Thursday, February 28, 2013

Three-fold Guide to the Neo-Retro (Revised)

Greyhawk Grognard recently wrote, "Don't Call them Clones." I disagree with some of what is said there for a couple of reasons. I've discussed the subject of how to categorize the various clones, clone-like games, and "retro feel" games a couple of times before. Since then, there have been many more games released, but I think the over-all model as a concept has held up. Here is the model, with the understanding that there are far more games out there than I can possibly fit in this space:


Neo-Retro: This is a broad category under which all relatively recent games claiming a "retro" or "old-school feel" belong. The broad classification is flexible enough to encompass games like DCC RPG and Mazes & Minotaurs, which are very different mechanically but are more about "feel."

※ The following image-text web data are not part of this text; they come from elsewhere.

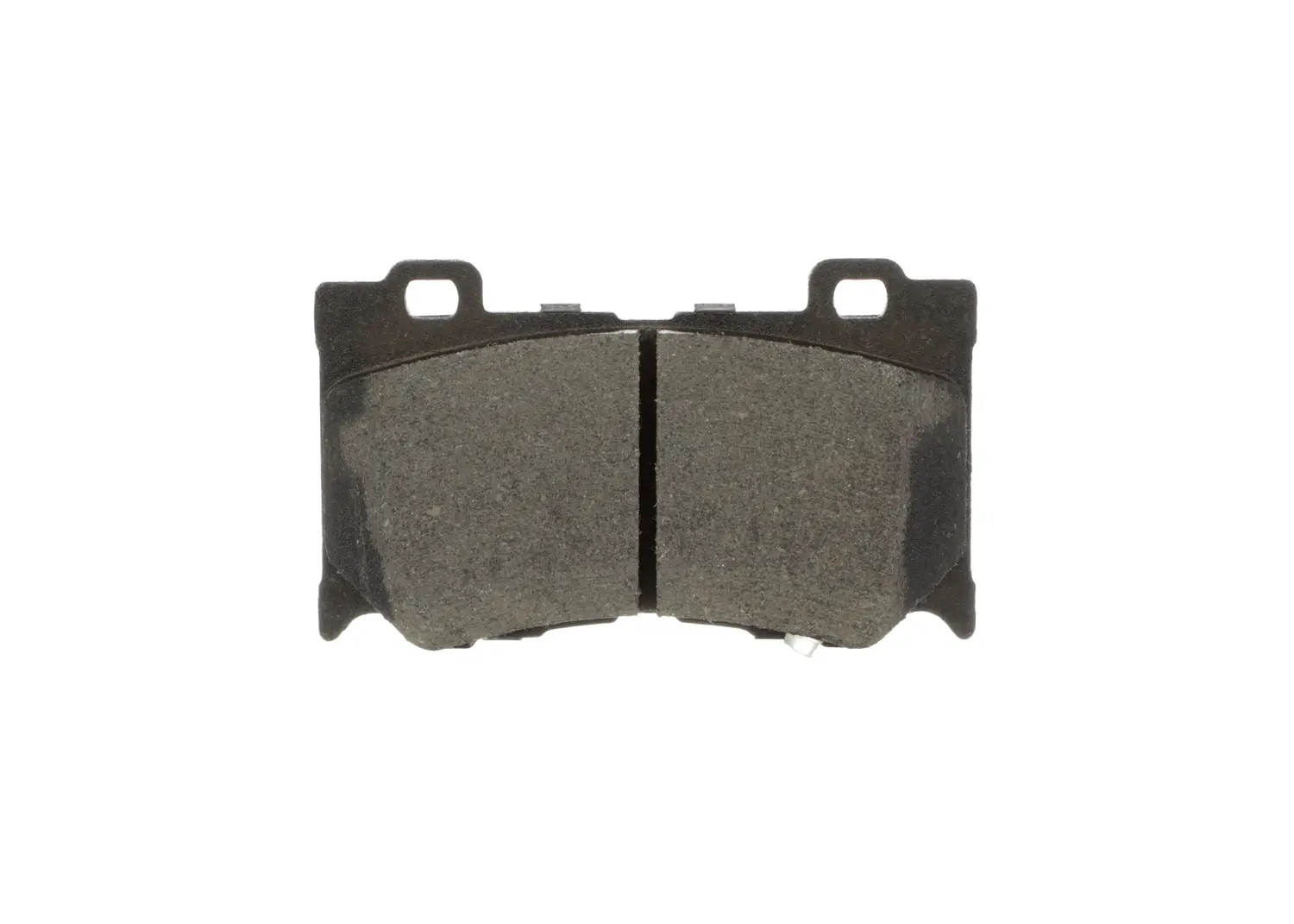 Brake Pads miniature 5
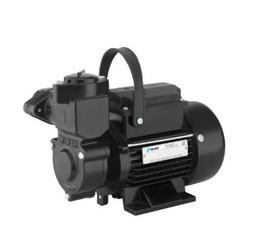 SELF-PRIMING PUMPS - MAJOR SERIES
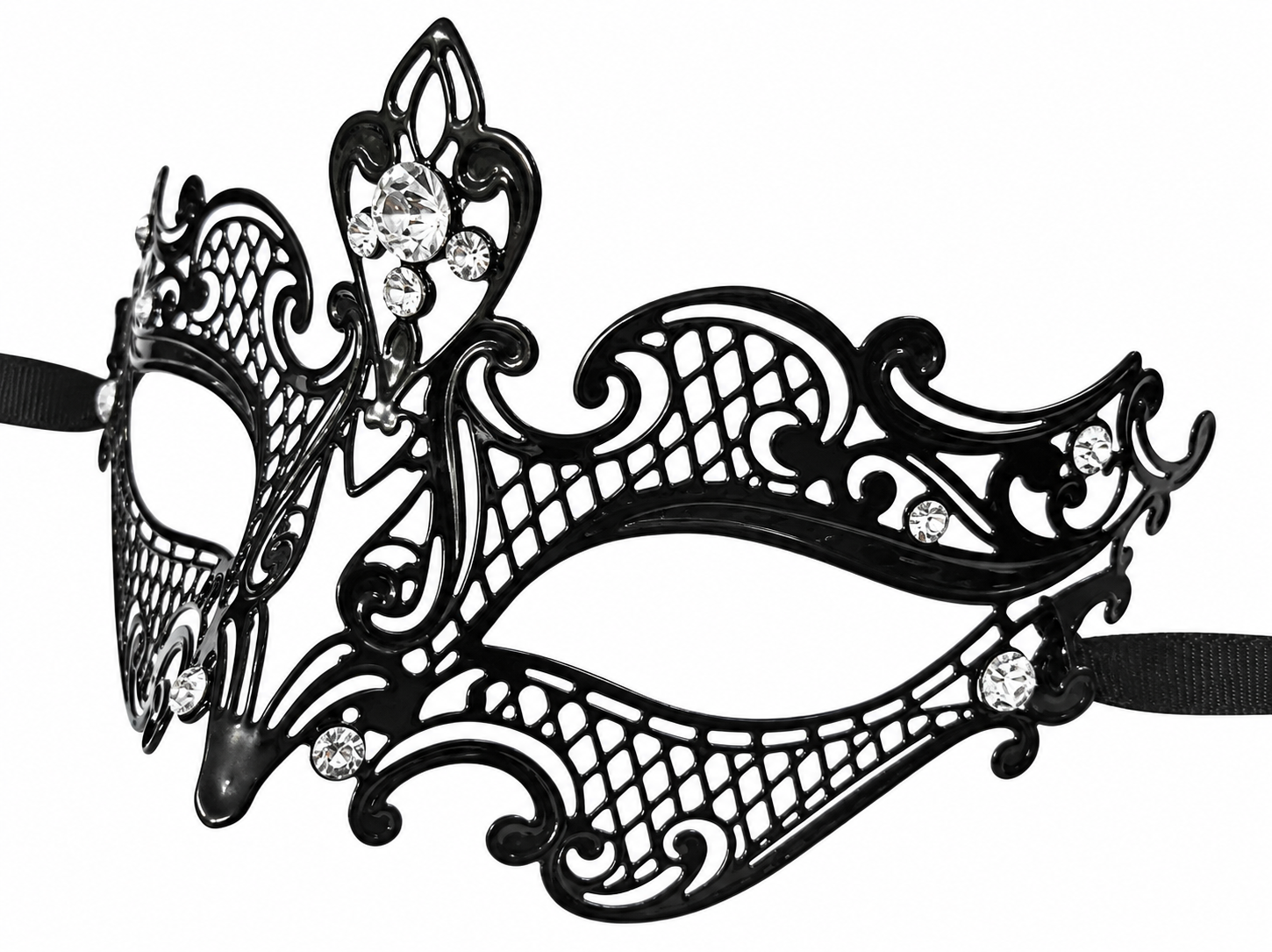 mask4.png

The "Clone Spectrum" ranges from retro-clone to what I'm now calling neo-clone (formerly near-clone). These are defined below:

Retro-Clone: I originally coined this term back in 2007, and since then the waters have been muddied, but my intention was that this term be used to describe games that are designed to be system emulators, to the legal extent allowed. Any game in this category is more or less directly compatible as a system emulator.

Neo-Clone: These games are predominantly mechanically compatible with retro-clones or the source inspiration, but they add or revise certain parts to match a certain aesthetic or design goal. They still fall on the clone spectrum because of compatibility. They are not "holistically innovative" in the way that Mazes & Minotaurs is, for example, but are instead highly derived. This is where I probably differ the most with Greyhawk Grognard, because I see all motivations as basically falling in the same category, whether it is changing the economic system in ACKS, or speculating what a 2e would look like in ADD.

Games that fall in an area where these clone categories overlap are trying to emulate more closely, and include fewer rule changes or "innovations," for lack of a better term. It is a matter of degree.

This is how I see the spectrum of games out there. I don't expect the universe to agree with me, but frankly, to me, creating additional distinctions about intent is just splitting hairs. One might wish to have additional categories within the neo-retro sphere, but my scheme is set up this way because of my interests. I could envision more sphere within neo-retro, for example some that include more third edition derived categories to decide where DCC RPG and Castles & Crusades fit in their similarity or dissimilarity to third edition.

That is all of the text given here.